## Exercise instructions
When you reach the line containing "Fireplace - Lovely", begin reproducing the material exactly, stop after the line containing "Defense Minister Rajnath", and leave out any pictures along the way.

## Data for review
============================================================
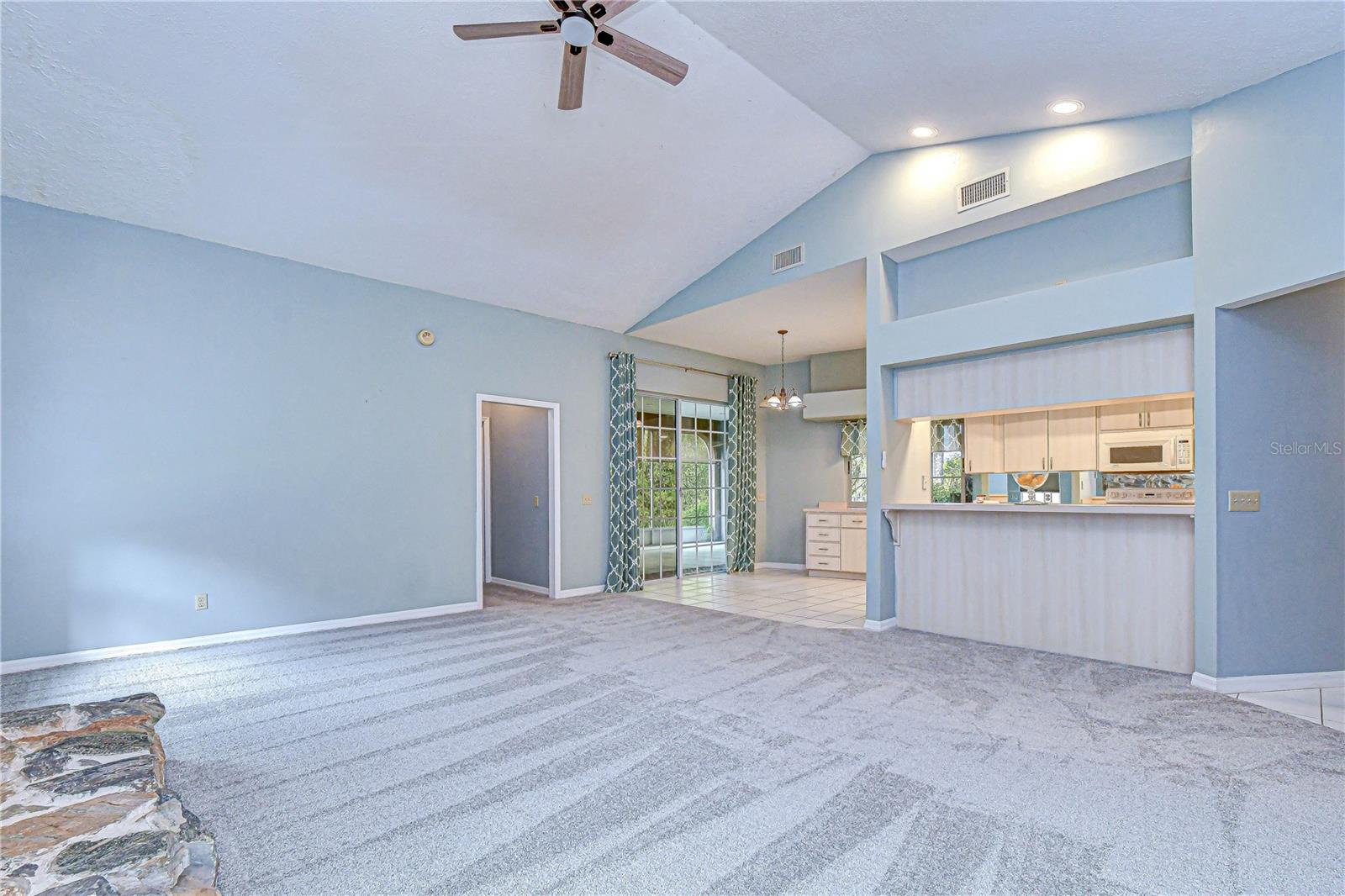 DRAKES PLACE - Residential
============================================================
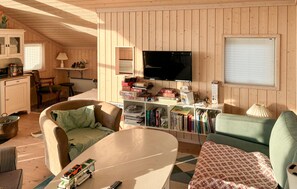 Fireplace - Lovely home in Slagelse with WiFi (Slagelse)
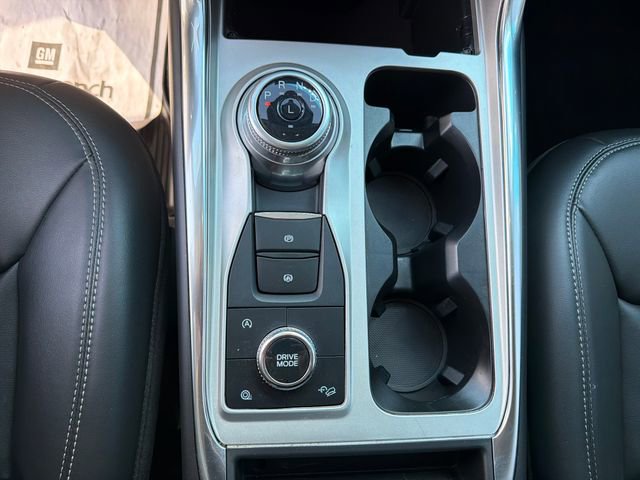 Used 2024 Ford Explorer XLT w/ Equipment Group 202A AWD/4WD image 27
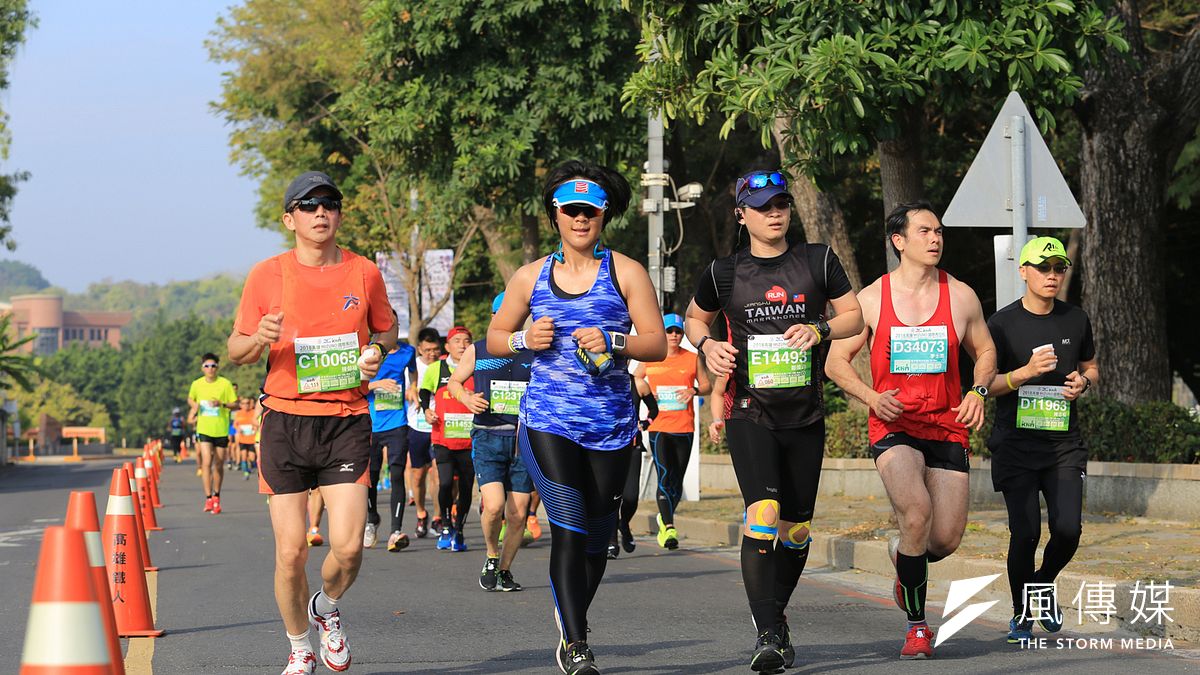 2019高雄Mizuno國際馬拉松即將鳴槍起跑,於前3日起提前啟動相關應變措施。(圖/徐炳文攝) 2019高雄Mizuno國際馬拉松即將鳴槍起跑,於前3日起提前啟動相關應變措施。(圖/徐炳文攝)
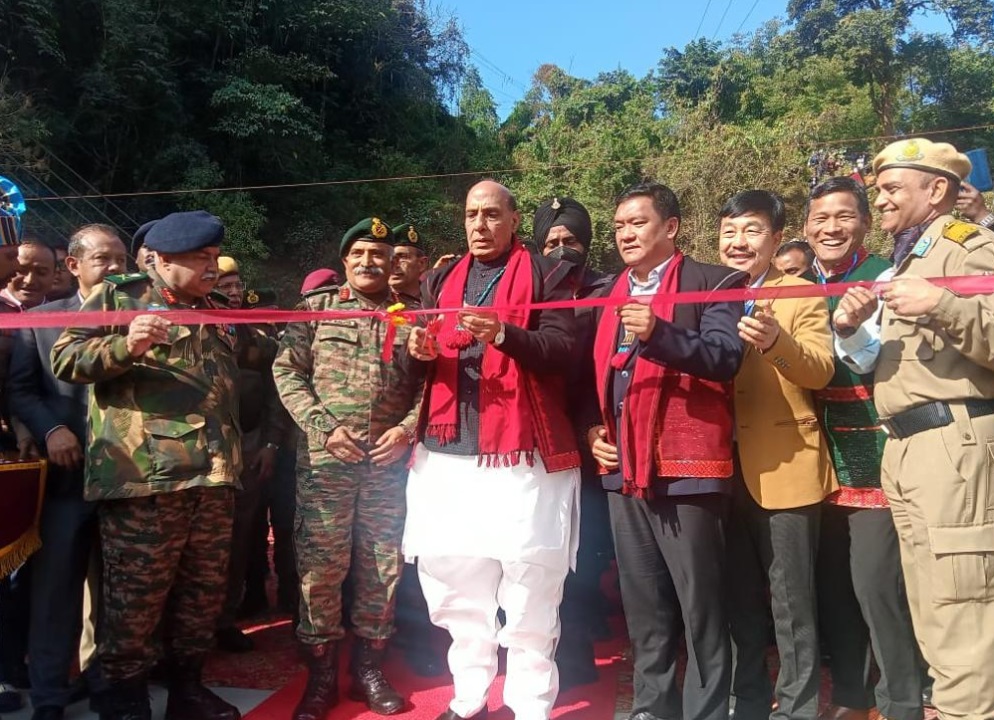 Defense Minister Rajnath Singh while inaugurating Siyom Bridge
============================================================
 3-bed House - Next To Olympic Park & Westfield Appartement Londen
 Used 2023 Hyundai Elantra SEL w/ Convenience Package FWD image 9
============================================================
## Your response
 Fireplace - Lovely home in Slagelse with WiFi (Slagelse)
 Used 2024 Ford Explorer XLT w/ Equipment Group 202A AWD/4WD image 27
 2019高雄Mizuno國際馬拉松即將鳴槍起跑,於前3日起提前啟動相關應變措施。(圖/徐炳文攝) 2019高雄Mizuno國際馬拉松即將鳴槍起跑,於前3日起提前啟動相關應變措施。(圖/徐炳文攝)
 Defense Minister Rajnath Singh while inaugurating Siyom Bridge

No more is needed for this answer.